Docker 2.1.3 Release with MarkLogic 11.3.1 and 10.0-11.1

This release includes the following updates

• Fix EKS Compatibility Issue: Resolved a startup inconsistency between root and rootless container images by setting OVERWRITE_ML_CONF=true and MARKLOGIC_EC2_HOST=0, ensuring consistent behavior across environments.
• Update Copyright Notices: Refreshed copyright strings to reflect the latest legal and organizational standards.
• Add libnsl Compatibility Workaround: Implemented a workaround to address compatibility issues with the libnsl package, enabling successful builds of UBI9-based images using the current package version.

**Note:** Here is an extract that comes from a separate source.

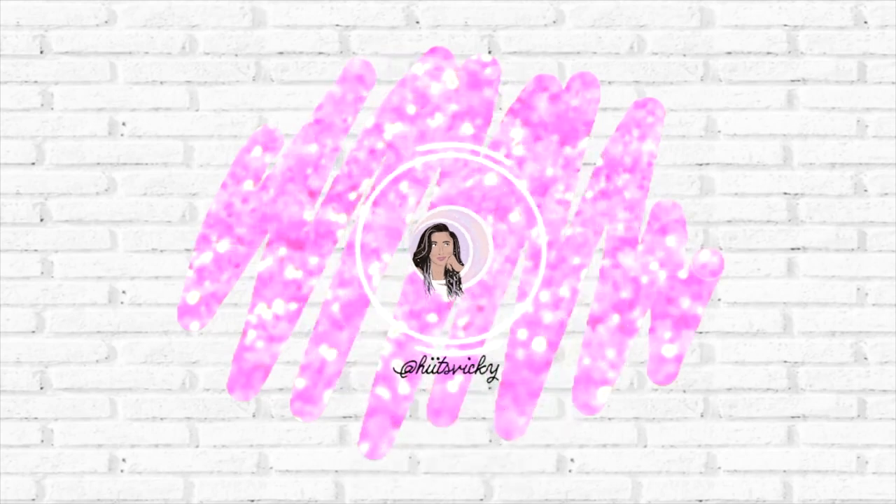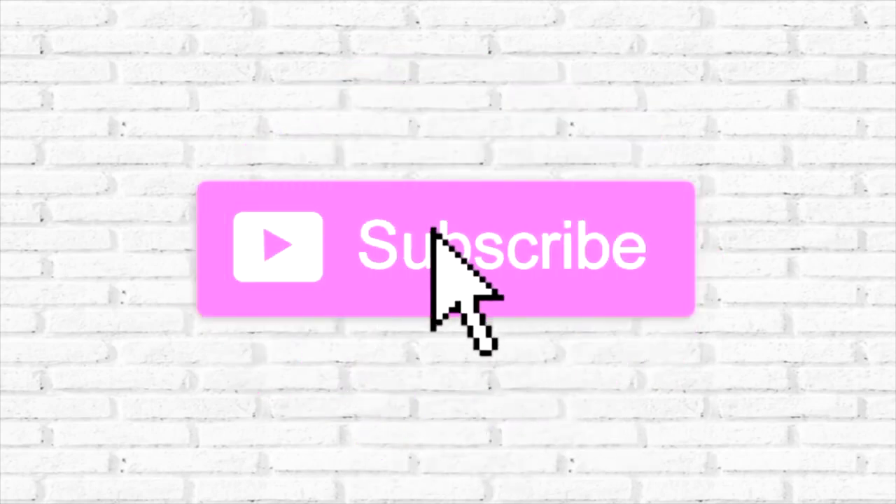Hello everybody and welcome back to my channel. Today's video is going to be an update on my inventory numbers for February 2021. I did pretty good in the last couple of months and I just want to keep you guys updated on where my numbers are at and show you my progress. I just got out of a no-buy and I'm currently on a low buy, trying to get my numbers under control. I'm going to share each category and what the numbers look like.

Known Issues and Limitations

1. The root image must be run in privileged mode. If the image isn't run as privileged, the calls that use sudo in the startup script will fail due to lack of required permissions as the image will not be able to create a user with the required permissions. To run in non-privileged mode, use one of the “rootless” image options.
2. Using the "leave" button in the Admin interface to remove a node from a cluster may not succeed, depending on your network configuration. Use the Management API to remove a node from a cluster. See: https://docs.marklogic.com/REST/DELETE/admin/v1/host-config.
3. Rejoining a node to a cluster, that had previously left that cluster, may not succeed.
4. MarkLogic Server will default to the UTC timezone.
5. The latest released version of RedHat UBI images have known security vulnerabilities.
   • curl (CVE-2016-5420, CVE-2016-5419, CVE-2016-5421, CVE-2017-3604, CVE-2016-3418, CVE-2017-3605, CVE-2016-0694, CVE-2017-3607, CVE-2017-3608, CVE-2017-3606, CVE-2016-0689, CVE-2017-3609, CVE-2016-0692, CVE-2016-0682, CVE-2016-5420, CVE-2016-5419, CVE-2016-5421)
   • elfutils (CVE-2017-3610, CVE-2017-3611, CVE-2017-3612, CVE-2017-3613, CVE-2017-3614, CVE-2017-3615)
   • gawk (CVE-2017-3616)
   • gdb (CVE-2017-3617)
   • glibc (CVE-2016-5420, CVE-2016-5421, CVE-2016-5419, CVE-2016-5419, CVE-2016-5420, CVE-2016-5421)
   • libdb-utils (CVE-2016-0682, CVE-2016-0689, CVE-2016-0692, CVE-2016-0694, CVE-2016-3418, CVE-2017-3604, CVE-2017-3605, CVE-2017-3606, CVE-2017-3607, CVE-2017-3608, CVE-2017-3609, CVE-2017-3610, CVE-2017-3611, CVE-2017-3612, CVE-2017-3613, CVE-2017-3614, CVE-2017-3615
     CVE-2017-3616, CVE-2017-3617)
   • nspr (CVE-2016-1951)

These packages are included in the RedHat UBI base images but, to-date, no fixes have been made available. Even though these libraries may be present in the base image that is used by MarkLogic Server, they are not used by MarkLogic Server itself, hence there is no impact or mitigation required.

6. As part of the hardening process, the following packages are removed from the image: vim-minimal, cups-client, cups-libs, tar, python3-pip-wheel, platform-python, python3-libs, platform-python-setuptools, avahi-libs, binutils, expat, libarchive, python3, python3-libs, python-unversioned-command. These packages are not required for the operation of MarkLogic Server and are removed to reduce the attack surface of the image. If you require any of these packages, you can install them in your own Dockerfile.

7. The scoring of the hardening process is 96.67% that because authselect is not used but files from the 'pam' package have been altered, so the authselect configuration won't be forced.

It is a medium severity and not applicable in container environment there is not authentication required when login into a container.
8. The cryptographic modules of RHEL 9 are not yet certified for the FIPS 140-3 requirements.